In other words, I have to choose my battles. The Washington Redskins and Cleveland’s Chief Wahoo? Yes, they are racist, and so are you, maybe just a little bit, if these images do not bother you. And the many instances of cultural appropriation brought to my attention on the Internet Machine? I can laugh them off, ignore them, work myself up and take offense, bitch and whine, or view them as an opportunity to set the record straight, a teachable moment as they say in the education industry.

I have made a similar point before about the “Mascot Issue.” Even if the NFL has been particularly unwilling to budge on this issue, mascots are relatively easy to do away with if you complain loudly enough, and in company with enough of your allies, to a school board, or a college, or a university.  Other issues–lack of protection for native peoples’ lives, liberties, and property in Indian Country; economic injustice and pervasive poverty; resource exploitation and environmental despoliation; attacks on sovereignty, and nationhood, and continuing injustice– these present much more difficult challenges, with progress slow and seldom guaranteed.  Historians will tell you that there are more dangerous racists than this dude to the left here, dressed up for a baseball game. Yeah, he’s an asshole, but there are far nastier people out there.

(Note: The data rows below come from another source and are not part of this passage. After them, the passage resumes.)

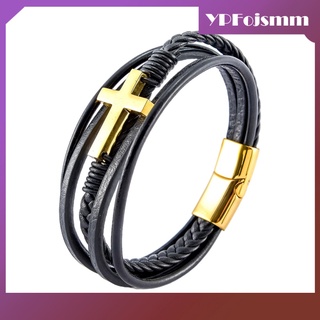 [venta caliente] pulsera de acero inoxidable cruz color oro brazalete de cuero banda para mujeres religiosas, joyería, accesorios, mujeres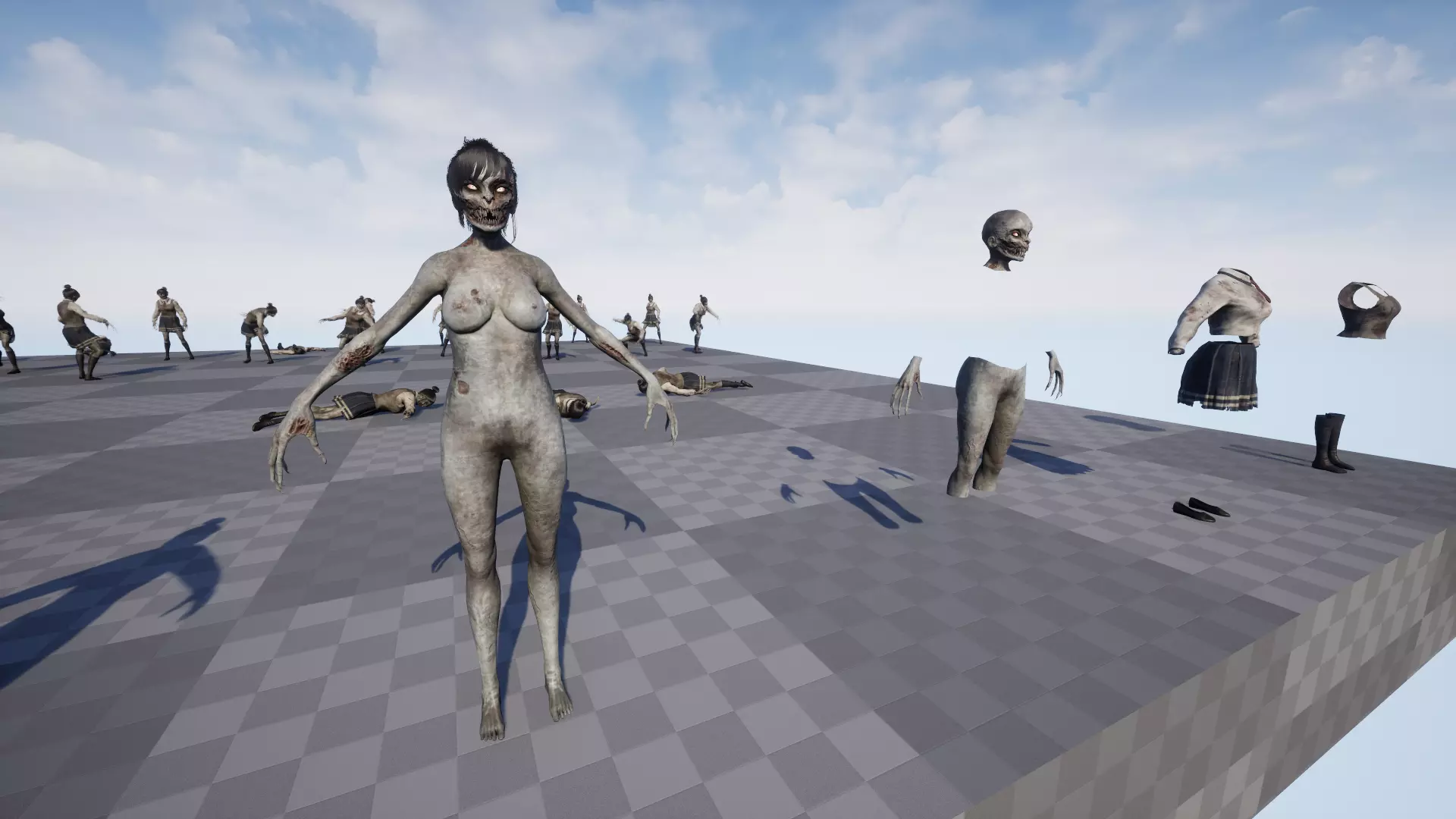 Zombie Girl 2 Low-poly 3D model_18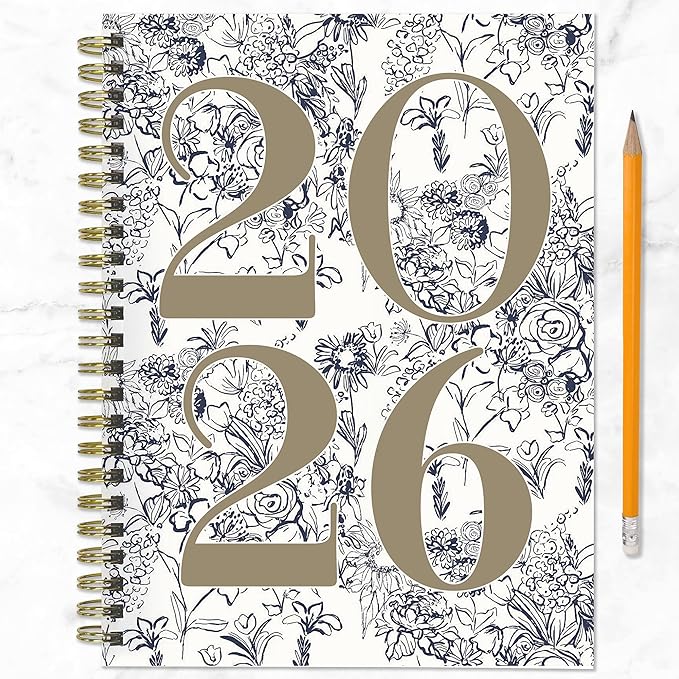 TF Publishing 2026 La Campagne Year Medium Weekly Monthly Planner with 12-Month Calendar Grid, Notes, and Priorities Section - Weekly Schedule Planner with Habit Tracker and Stickers - 6.5in x 8in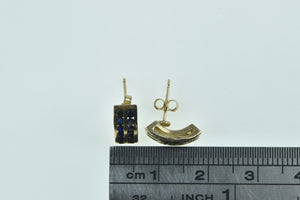 10K Sapphire Inset Curved Bar Vintage Stud Earrings Yellow Gold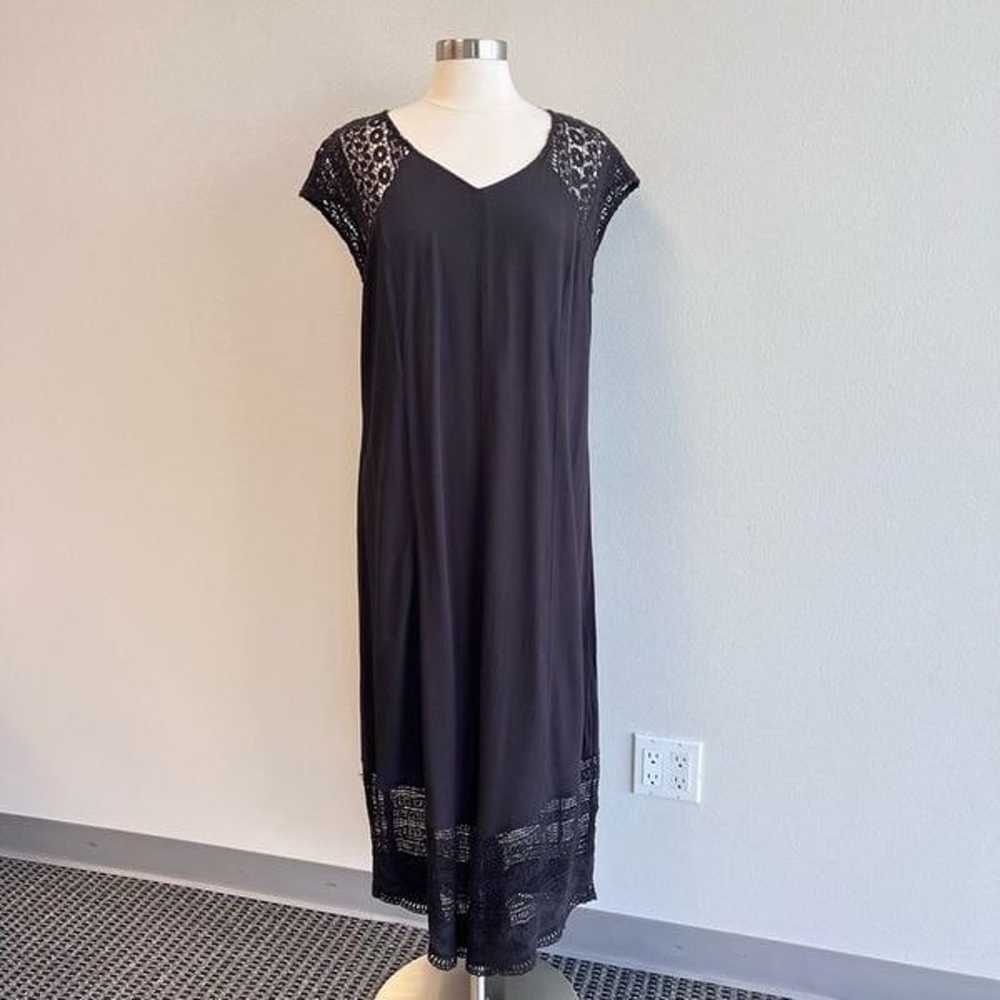 Soft Surroundings Womens Medium Maxi Dress Black … - image 1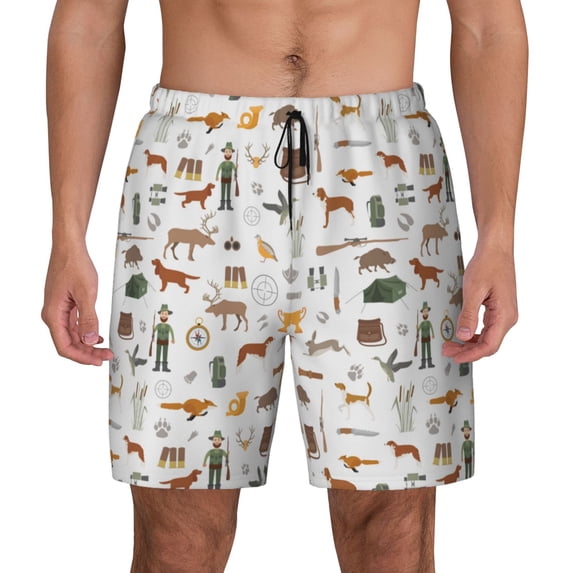 Lsque Mens Swim Trunks Outdoor Living Pattern - Bathing Suit Compression Liner - Beach Swim Shorts Swimwear - (S-3XL) - Stretch Quick Dry -Large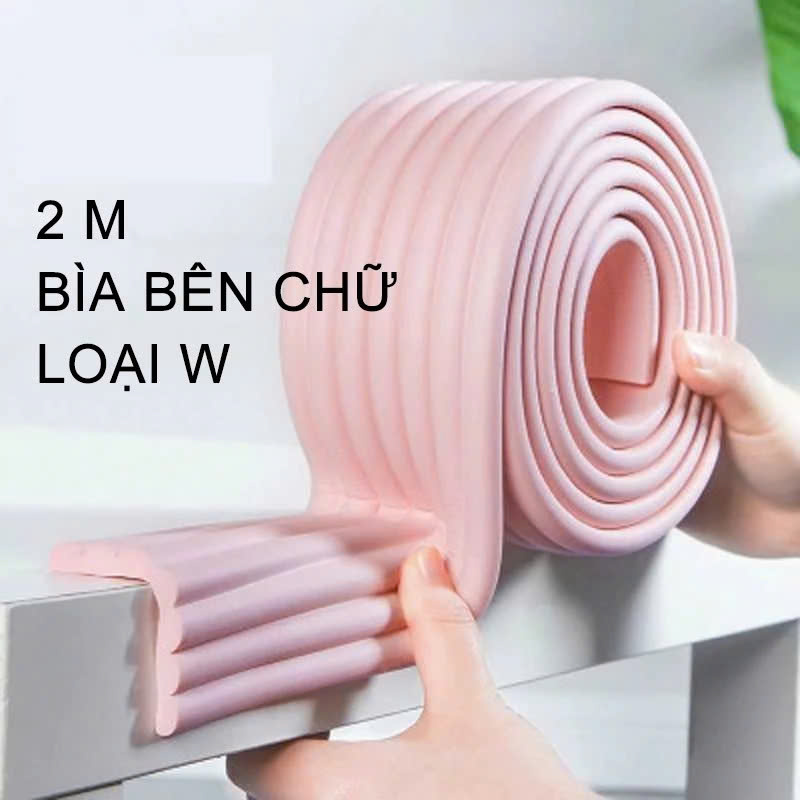 Cuộn xốp bọc cạnh bàn bịt góc chữ W bảo vệ chống sốc chống va chạm êm dày DÀI 2 MÉT Bọc Cạnh Bàn Ghế Giường Tủ Bảo Vệ Trẻ Em Dây Bọt Biển Tránh Va Đập Góc Cạnh Sắt Kèm Băng Dán - Hàng Loại 1- Chính Hãng KHÓA BẢO VỆ CÁC LOẠI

We who teach have limited resources at our disposal. Our time is limited. For the amount of education we have received, we earn relatively low salaries. If we are active researchers, as we should be, the hours we work are even longer. So we need to choose our battles.  You want to fight over mascots? Go ahead. Thanks to your efforts, and the efforts of your predecessors, these mascots have fallen out of favor nearly everywhere but in Washington, D. C. You want to get angry about Pendleton’s tacky blankets, or at Kylie Jenner for the name she gave to one of her new old lipstick colors, or other appropriations of native culture, go ahead. You have raised awareness, and thanks to your efforts, more people than ever understand that certain types of costume, display, representation, and marketing are hardly innocent.

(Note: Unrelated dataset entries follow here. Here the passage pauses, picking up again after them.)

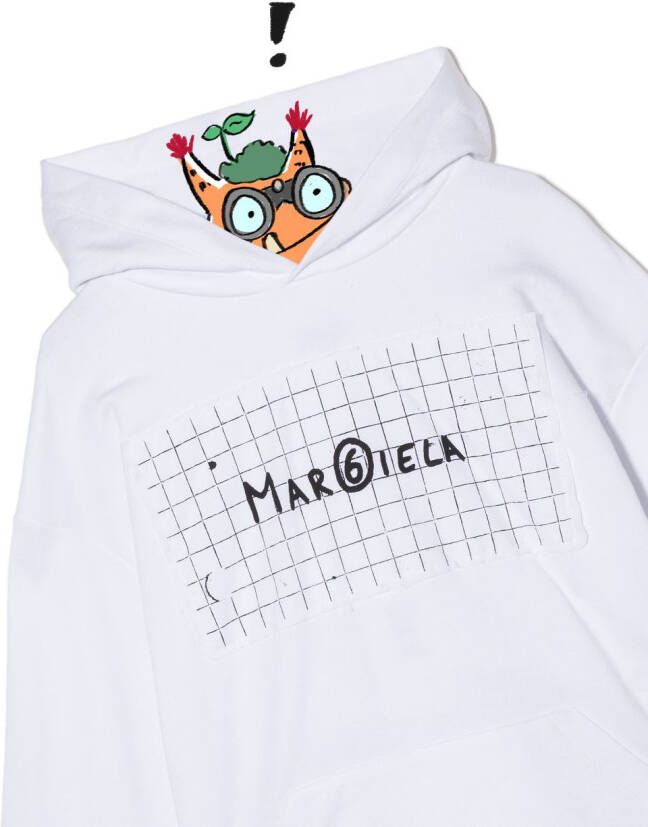 MM6 Maison Margiela Kids Hoodie met logoprint Wit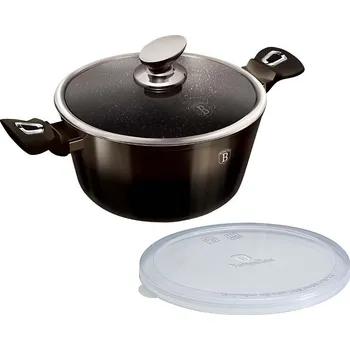 Hrnec Berlinger Haus Hrnec s mramorovým povrchem a poklicí 24cm METALLIC LINE SHINY BLACK EDITION 20341&nbsp;BH/6605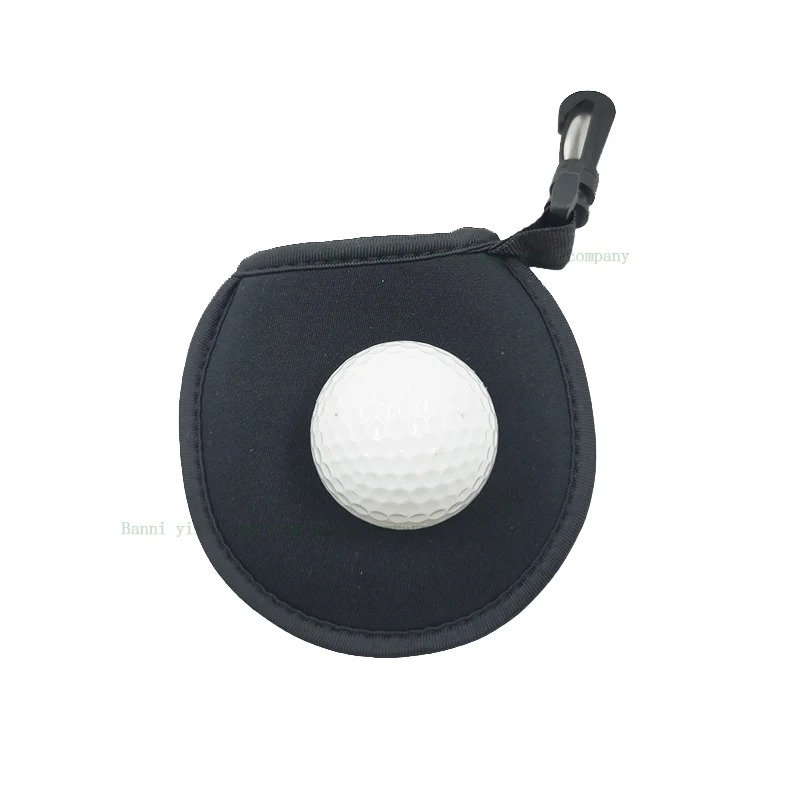 Golf Ball Pouch Golf Ball Washer Multi-directional Neoprene Protection Bags Golf Accessories with Plastic Hook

But let’s not lose sight of the real enemies: racist police forces and law enforcement; the ineffectiveness and inefficiency of the Bureau of Indian Affairs; poor history and civics education that leaves most Americans entirely ignorant of their country’s Native American past and present; and the enduring colonialism of the American empire.  Do away with the mascots, reduce the amount of cultural appropriation, but let’s not exaggerate its effectiveness. Fewer Native American mascots, fewer Indian Halloween costumes, and less cultural appropriation will not increase life expectancy or  reduce the economic privation experienced by those living in Native American communities. Nor will quality of life improve in First Nations and Native American communities.  The number of young people, in the throes of desperation or enduring a legacy of intergenerational trauma, or the numbers of missing and murdered indigenous women and children, will not be reduced one bit. Violence and suffering in Native American communities would not cease, police would not become more tolerant, and state and corporate interests no less avaricious in their desire to exploit Native American lands. And unpacking stereotypical representations of indigenous peoples will not help secure the lives, liberties, and properties of Native American and First Nations people.

So what do you want to fight about? Be honest. Some causes are easier than others, and some will require of you a greater investment, and involvement in them will carry heavier consequences.  Some of these issues are quite literally matters of life and death.  And some of these problems might hurt your feelings.  Others, and you know this if you have read Native America, can break your heart.  It is up to you to decide.